Here is one attempt, but not a very happy one. There is no real syntactic difference between surnames and firstnames, so the grammar is non-LL(1):

   COMPILER StaffList $CXN
   /* Describe list of names in a Science Faculty
      This is non-LL(1) and so cannot generate a reliable parser.
      P.D. Terry, Rhodes University, 2001 */

   IGNORE CHR(9) .. CHR(13)

   CHARACTERS
     UCletter    = "ABCDEFGHIJKLMNOPQRSTUVWXYZ" .
     LCletter    = "abcdefghijklmnopqrstuvwxyz" .
     letter      = UCletter + LCletter .

   TOKENS
     name        = UCletter { letter | "'" | "-" } letter .
     initial     = UCletter "." .

   PRODUCTIONS
     StaffList   = { StaffMember } .
     StaffMember = Title { initial | FirstName } Surname Degrees "." .
     Title       = "Dr" | "Prof" | "Mr" | "Mrs" | "Ms" | "Miss" .
     FirstName   = name .
     Surname     = name .
     Degrees     = [ "," "BSc" [ "," "MSc" [ "," "PhD" ] ] ] .
   END StaffList.

The discussion in class one year was really good. Following on a suggestion from a student, I did some more exploring. If one fudges the required form of the surname to insist that it terminate with a comma or period, and that it has other internal restrictions (so as to be able to distingush words like "MSc," from words like "Terry,") then one can get an LL(1) grammar after all!

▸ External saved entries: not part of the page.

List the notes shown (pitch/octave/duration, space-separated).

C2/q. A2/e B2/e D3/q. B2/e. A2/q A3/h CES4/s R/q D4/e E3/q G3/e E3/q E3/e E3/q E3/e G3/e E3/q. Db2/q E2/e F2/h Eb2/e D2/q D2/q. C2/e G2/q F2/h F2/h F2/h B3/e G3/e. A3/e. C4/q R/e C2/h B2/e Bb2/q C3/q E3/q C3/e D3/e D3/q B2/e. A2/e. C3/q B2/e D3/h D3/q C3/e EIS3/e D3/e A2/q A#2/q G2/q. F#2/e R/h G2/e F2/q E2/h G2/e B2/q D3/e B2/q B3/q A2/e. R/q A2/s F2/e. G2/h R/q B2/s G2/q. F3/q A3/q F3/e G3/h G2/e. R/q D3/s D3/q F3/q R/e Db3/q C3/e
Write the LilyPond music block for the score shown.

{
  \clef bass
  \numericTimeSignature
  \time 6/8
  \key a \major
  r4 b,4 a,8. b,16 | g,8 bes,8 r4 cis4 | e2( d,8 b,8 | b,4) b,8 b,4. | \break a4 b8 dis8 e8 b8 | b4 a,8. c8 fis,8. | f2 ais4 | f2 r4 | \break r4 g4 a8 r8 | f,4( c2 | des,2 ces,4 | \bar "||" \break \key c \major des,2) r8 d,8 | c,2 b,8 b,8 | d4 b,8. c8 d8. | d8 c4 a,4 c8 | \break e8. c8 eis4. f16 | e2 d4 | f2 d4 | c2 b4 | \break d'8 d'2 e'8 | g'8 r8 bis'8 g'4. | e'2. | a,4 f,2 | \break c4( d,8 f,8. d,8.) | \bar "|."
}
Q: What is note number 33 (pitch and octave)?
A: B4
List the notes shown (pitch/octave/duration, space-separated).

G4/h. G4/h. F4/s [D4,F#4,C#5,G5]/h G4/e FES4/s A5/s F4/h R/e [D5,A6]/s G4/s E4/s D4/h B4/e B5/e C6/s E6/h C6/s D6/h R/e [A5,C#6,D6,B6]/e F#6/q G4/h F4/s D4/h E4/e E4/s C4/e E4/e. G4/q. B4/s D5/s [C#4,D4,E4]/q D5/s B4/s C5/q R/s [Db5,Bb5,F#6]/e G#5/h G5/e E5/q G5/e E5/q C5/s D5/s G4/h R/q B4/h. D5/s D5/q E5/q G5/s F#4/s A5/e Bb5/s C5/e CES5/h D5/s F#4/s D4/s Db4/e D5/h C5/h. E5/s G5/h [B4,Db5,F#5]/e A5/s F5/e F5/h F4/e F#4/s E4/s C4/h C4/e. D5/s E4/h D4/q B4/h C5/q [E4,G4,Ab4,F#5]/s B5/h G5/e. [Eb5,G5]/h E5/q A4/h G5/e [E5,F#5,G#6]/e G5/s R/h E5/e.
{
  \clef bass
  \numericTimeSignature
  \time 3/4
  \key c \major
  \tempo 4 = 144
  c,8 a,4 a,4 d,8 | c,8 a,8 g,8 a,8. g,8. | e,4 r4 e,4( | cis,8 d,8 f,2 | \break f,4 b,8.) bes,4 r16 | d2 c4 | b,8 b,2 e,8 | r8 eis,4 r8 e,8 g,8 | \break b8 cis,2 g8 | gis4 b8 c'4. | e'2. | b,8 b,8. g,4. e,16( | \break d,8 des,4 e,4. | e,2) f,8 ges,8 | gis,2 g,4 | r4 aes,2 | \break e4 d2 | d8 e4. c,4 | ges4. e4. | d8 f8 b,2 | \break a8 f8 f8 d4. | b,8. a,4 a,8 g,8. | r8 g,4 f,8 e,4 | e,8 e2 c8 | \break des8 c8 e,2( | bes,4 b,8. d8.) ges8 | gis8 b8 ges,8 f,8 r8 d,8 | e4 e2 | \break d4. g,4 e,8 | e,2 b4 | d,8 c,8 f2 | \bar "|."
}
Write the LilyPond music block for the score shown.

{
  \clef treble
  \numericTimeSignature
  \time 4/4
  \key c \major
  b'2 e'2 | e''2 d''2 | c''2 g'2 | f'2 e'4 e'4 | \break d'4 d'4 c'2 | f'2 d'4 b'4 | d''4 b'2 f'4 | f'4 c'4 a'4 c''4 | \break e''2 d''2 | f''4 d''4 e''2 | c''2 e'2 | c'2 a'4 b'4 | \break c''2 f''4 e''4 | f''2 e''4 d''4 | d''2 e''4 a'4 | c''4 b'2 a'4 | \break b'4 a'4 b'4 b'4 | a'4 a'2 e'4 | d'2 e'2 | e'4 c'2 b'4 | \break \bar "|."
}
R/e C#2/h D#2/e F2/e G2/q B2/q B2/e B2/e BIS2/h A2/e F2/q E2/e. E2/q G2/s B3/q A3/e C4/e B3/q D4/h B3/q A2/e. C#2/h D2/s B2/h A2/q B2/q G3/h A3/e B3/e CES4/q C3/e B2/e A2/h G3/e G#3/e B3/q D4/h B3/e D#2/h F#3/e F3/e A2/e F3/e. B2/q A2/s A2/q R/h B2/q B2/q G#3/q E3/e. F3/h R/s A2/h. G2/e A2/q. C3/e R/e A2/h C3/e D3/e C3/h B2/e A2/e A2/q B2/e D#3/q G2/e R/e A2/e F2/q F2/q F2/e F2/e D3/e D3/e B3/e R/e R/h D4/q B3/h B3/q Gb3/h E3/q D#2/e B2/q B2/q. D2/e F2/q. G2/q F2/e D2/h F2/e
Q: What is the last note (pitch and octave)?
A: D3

   COMPILER StaffList $CXN
   /* Describe list of names in a Science Faculty
      This is LL(1) and so can generate a reliable parser, but it imposes nasty
      constraints on the form a surname can take
      P.D. Terry, Rhodes University, 2001 */

   IGNORE CHR(9) .. CHR(13)

   CHARACTERS
     UCletter       = "ABCDEFGHIJKLMNOPQRSTUVWXYZ" .
     LCletter       = "abcdefghijklmnopqrstuvwxyz" .
     letter         = UCletter + LCletter .

   TOKENS
     name           = UCletter { letter | "'" | "-" } letter .
     NodegreeName   = UCletter { LCletter | "'" UCletter | "-" UCletter } LCletter "." .
     DegreeName     = UCletter { LCletter | "'" UCletter | "-" UCletter } LCletter "," .
     initial        = UCletter "." .

   PRODUCTIONS
     StaffList      = { StaffMember } .
     StaffMember    = Title { initial | FirstName } NameAndDegrees .
     Title          = "Dr" | "Prof" | "Mr" | "Mrs" | "Ms" | "Miss" .
     FirstName      = name .
     NameAndDegrees = NodegreeName | DegreeName Degrees .
     Degrees        = "BSc" [ "," "MSc" [ "," "PhD" ] ] "." .
   END StaffList.


The following Cocol grammar describes a set of EBNF productions:

  COMPILER EBNF $XCN
    CHARACTERS
      letter   = "ABCDEFGHIJKLMNOPQRSTUVWXYZabcdefghijklmnopqrstuvwxyz" .
      digit    = "0123456789" .
      noquote  = ANY - '"' .
    IGNORE  CHR(9) .. CHR(13)
    TOKENS
      nonterminal = letter { letter | digit } .
      terminal    =  '"' noquote { noquote } '"' .
    PRODUCTIONS
      EBNF       = { Production } EOF .
      Production = nonterminal "=" Expression "." .
      Expression = Term { "|" Term } .
      Term       = Factor { Factor } .
      Factor     =   nonterminal | terminal | "[" Expression "]"
                   | "(" Expression ")" | "{" Expression "}" .
  END EBNF.

The PRODUCTIONS section here makes use of the EBNF "meta brackets" { } in the definitions of EBNF, Expression and Term. How would you write the PRODUCTIONS section without making use either of the { } or [ ] form of meta brackets?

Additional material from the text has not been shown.